I too am troubleshooting my 87 I didn't have good atomized fuel from the injectors. I pulled mine you can get a spark plug wire puller, you know when car is running and you don't want to get zapped...those things, got mine from harbor freight anyway pull the injectors and jump he fuel relay with a wire with 2 spades it's easy to do this. You should hear the fuel pumps whirling away. Next put the injectors in clear containers so you can see the spray pattern. lift the plate that connects to the fuel distributor plunger...big round plate on top of the airbox. At rest there should not be any fuel coming through injectors...raise the plate and see what kind of pattern you have, it should be well atomized. If you don't get good pattern out of ALL the injectors they need to be cleaned.

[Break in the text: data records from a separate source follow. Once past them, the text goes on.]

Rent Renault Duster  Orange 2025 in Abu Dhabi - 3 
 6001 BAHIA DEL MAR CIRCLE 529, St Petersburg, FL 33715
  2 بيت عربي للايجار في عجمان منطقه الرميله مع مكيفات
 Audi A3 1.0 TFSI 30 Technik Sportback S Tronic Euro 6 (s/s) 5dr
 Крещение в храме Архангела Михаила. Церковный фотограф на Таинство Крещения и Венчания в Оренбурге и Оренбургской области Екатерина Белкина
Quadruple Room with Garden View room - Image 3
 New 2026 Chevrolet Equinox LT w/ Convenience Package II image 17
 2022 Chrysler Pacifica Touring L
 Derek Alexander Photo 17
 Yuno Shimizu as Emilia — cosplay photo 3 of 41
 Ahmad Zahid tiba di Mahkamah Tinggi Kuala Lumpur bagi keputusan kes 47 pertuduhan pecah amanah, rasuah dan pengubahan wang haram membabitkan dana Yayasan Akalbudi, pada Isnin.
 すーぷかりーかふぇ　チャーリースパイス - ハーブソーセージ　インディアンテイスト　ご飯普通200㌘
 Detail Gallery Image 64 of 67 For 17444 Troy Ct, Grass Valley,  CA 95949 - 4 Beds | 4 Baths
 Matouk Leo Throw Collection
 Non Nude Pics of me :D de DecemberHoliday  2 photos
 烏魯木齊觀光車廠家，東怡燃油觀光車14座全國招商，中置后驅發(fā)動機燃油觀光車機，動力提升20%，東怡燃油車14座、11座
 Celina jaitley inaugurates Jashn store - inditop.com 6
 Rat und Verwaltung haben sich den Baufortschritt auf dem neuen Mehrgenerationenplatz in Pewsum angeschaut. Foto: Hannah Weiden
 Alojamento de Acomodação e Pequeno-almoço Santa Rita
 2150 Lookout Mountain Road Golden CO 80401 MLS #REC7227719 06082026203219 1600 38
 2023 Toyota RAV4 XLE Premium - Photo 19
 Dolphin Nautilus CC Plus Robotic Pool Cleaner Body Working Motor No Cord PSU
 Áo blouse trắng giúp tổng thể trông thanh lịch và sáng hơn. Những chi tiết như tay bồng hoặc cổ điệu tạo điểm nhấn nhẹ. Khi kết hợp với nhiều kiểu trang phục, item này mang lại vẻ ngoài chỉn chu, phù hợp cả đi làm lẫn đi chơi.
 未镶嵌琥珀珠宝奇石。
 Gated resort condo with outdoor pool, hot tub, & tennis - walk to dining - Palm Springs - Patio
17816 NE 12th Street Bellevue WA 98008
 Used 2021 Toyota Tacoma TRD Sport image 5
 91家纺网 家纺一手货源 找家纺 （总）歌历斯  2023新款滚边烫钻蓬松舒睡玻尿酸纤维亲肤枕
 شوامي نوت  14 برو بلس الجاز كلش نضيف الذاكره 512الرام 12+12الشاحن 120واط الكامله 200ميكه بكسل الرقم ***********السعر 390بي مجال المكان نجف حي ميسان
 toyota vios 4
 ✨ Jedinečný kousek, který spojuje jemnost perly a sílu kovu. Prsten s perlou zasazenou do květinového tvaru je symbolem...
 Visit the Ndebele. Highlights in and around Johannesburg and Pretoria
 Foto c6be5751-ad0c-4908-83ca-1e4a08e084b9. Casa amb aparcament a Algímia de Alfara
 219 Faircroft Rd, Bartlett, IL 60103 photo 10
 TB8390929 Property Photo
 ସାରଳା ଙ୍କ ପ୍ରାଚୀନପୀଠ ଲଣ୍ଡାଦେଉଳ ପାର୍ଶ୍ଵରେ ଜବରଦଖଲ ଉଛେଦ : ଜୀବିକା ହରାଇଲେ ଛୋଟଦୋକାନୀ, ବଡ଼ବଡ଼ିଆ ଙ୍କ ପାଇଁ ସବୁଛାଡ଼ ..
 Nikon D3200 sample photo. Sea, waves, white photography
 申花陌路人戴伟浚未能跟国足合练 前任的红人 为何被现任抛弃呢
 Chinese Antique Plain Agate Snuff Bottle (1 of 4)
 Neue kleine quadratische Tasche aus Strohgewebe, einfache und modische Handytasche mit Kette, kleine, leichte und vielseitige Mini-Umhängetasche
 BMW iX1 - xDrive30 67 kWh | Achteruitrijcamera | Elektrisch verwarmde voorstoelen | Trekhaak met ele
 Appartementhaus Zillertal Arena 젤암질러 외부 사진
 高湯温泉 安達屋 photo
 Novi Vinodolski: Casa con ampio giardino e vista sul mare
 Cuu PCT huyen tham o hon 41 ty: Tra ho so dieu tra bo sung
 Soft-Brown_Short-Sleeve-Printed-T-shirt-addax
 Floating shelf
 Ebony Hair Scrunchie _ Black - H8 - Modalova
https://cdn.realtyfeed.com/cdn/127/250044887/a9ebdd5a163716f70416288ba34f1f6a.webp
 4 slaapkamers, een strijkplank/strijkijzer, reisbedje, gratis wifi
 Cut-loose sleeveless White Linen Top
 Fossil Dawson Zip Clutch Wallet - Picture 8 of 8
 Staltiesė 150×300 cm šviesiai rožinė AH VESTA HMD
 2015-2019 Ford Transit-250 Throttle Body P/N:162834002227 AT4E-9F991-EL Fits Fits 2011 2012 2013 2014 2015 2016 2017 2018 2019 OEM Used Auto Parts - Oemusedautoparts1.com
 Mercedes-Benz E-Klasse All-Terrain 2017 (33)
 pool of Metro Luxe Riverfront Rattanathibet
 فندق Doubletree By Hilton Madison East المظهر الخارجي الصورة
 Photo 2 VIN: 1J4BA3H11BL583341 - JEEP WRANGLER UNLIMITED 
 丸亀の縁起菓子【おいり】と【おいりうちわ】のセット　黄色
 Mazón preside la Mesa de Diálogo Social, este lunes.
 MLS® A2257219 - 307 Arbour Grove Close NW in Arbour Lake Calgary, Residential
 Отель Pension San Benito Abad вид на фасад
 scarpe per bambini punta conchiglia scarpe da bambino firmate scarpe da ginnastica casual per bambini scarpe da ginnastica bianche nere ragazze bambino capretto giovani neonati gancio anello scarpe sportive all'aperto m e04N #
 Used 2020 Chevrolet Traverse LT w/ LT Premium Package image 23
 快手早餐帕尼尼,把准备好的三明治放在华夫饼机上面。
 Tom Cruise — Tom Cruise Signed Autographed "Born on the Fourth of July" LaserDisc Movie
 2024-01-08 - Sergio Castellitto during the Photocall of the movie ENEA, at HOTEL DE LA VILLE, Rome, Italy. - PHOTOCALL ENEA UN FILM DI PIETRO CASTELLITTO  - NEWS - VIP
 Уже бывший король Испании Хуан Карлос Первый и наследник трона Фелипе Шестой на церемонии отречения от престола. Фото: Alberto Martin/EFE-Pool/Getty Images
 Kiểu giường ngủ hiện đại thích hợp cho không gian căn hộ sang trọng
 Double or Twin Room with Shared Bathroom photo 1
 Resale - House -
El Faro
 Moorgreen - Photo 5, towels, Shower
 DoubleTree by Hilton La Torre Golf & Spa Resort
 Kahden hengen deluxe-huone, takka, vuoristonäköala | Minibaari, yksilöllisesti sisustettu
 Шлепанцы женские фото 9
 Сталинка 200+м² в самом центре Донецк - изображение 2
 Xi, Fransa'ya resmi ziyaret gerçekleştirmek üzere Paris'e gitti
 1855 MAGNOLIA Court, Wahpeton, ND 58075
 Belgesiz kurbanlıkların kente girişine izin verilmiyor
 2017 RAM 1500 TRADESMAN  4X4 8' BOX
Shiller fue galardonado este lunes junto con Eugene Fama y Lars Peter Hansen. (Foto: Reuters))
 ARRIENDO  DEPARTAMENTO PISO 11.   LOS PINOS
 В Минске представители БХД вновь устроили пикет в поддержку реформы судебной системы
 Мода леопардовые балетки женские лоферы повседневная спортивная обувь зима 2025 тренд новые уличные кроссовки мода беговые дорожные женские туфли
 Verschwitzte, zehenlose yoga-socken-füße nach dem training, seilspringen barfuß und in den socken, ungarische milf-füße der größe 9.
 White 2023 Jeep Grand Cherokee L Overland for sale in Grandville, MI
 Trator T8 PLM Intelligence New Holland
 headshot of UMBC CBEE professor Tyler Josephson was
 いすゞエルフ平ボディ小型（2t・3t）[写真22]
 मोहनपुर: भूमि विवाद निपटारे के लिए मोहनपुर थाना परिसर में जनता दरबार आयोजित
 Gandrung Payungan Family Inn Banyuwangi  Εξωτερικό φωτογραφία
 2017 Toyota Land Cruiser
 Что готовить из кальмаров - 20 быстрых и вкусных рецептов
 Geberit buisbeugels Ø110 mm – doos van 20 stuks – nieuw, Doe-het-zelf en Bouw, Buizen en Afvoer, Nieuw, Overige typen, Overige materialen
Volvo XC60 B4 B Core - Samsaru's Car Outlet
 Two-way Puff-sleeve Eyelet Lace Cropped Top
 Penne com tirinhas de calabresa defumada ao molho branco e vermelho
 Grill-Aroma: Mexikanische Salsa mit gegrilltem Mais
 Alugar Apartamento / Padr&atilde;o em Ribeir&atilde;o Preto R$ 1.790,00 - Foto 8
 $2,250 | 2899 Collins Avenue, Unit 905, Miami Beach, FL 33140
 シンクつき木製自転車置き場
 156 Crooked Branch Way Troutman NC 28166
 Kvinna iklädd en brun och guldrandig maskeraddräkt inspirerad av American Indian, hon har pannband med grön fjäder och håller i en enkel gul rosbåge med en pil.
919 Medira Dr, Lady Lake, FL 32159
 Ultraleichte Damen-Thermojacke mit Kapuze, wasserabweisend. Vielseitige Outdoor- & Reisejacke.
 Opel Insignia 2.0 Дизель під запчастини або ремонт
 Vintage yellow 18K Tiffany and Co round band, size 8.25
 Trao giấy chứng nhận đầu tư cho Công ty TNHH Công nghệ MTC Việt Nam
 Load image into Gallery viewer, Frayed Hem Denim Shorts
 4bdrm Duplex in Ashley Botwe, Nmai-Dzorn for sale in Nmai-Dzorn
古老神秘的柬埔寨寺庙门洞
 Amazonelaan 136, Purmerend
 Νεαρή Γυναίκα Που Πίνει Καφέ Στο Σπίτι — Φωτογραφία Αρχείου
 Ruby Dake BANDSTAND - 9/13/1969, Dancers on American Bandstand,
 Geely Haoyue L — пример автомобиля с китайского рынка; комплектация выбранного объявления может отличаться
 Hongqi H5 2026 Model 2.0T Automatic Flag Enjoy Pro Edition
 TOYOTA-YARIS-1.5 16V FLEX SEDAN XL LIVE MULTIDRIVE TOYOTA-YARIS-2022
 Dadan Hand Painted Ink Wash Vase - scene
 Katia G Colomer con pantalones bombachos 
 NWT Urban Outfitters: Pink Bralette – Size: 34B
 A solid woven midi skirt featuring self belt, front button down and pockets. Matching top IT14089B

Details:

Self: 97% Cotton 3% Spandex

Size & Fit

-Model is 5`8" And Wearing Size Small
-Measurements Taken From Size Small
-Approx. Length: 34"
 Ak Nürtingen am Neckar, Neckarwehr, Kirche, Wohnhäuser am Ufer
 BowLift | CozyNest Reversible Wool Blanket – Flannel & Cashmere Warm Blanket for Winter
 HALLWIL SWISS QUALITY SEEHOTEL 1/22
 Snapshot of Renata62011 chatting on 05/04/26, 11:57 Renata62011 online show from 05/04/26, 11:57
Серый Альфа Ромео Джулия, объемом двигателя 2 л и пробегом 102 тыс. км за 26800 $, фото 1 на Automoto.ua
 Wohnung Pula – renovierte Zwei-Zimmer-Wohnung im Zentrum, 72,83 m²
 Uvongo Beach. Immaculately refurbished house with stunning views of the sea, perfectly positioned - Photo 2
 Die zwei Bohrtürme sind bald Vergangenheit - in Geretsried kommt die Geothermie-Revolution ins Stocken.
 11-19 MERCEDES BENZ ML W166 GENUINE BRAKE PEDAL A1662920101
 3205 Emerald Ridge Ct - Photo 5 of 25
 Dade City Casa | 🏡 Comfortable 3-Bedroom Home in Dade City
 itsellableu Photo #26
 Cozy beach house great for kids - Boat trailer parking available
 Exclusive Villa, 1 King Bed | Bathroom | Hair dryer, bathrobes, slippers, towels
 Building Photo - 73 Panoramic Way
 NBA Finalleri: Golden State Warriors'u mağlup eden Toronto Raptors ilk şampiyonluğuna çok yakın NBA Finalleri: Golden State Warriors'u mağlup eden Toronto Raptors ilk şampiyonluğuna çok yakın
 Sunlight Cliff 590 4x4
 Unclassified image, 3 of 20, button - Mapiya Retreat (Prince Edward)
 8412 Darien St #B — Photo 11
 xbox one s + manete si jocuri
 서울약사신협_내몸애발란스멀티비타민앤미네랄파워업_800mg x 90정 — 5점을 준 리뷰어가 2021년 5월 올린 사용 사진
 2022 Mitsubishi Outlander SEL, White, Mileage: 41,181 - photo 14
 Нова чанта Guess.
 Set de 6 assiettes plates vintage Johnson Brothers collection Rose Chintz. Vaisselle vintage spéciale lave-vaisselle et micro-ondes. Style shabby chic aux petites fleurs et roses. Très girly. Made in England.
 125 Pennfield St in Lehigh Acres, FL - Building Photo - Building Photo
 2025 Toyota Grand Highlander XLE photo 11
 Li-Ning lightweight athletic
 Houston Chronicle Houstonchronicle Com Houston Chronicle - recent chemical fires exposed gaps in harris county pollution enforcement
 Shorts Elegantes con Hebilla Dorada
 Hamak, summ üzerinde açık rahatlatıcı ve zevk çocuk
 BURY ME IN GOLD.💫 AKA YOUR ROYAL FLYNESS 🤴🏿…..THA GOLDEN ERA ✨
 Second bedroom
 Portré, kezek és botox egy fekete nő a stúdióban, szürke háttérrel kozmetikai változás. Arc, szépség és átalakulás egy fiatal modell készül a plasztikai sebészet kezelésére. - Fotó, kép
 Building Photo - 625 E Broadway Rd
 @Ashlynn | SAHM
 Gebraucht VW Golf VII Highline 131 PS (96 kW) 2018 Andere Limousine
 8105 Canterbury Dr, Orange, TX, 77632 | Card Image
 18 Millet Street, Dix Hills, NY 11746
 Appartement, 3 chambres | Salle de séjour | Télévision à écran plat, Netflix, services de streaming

Mine were horrible and I had to soak them, there is a trick with using carb cleaner taking the tub that comes with it and insert all he way into the injector and see if the pressure and chemical breaks he gunk up and spray until a good pattern is happening. When you install the injector make sure you use new orings get hem at napa. May want to look at the WUR too. I just cleaned min and think I messed it up somehow and need a diagram of how it goes back together...I think I've done it right but my car mixture was way off after the cleaning and will not idle so have to get back a it tomorrow


----------



## 87_cabby (Aug 25, 2013)

Fixed my WUR issue. I put it back together wrong. You should look at and clean this as well. Here is the link to do that. Yours may be a bit different but the principal is the same.

http://www.jtresto.com/e21/WURServicing.pdf


----------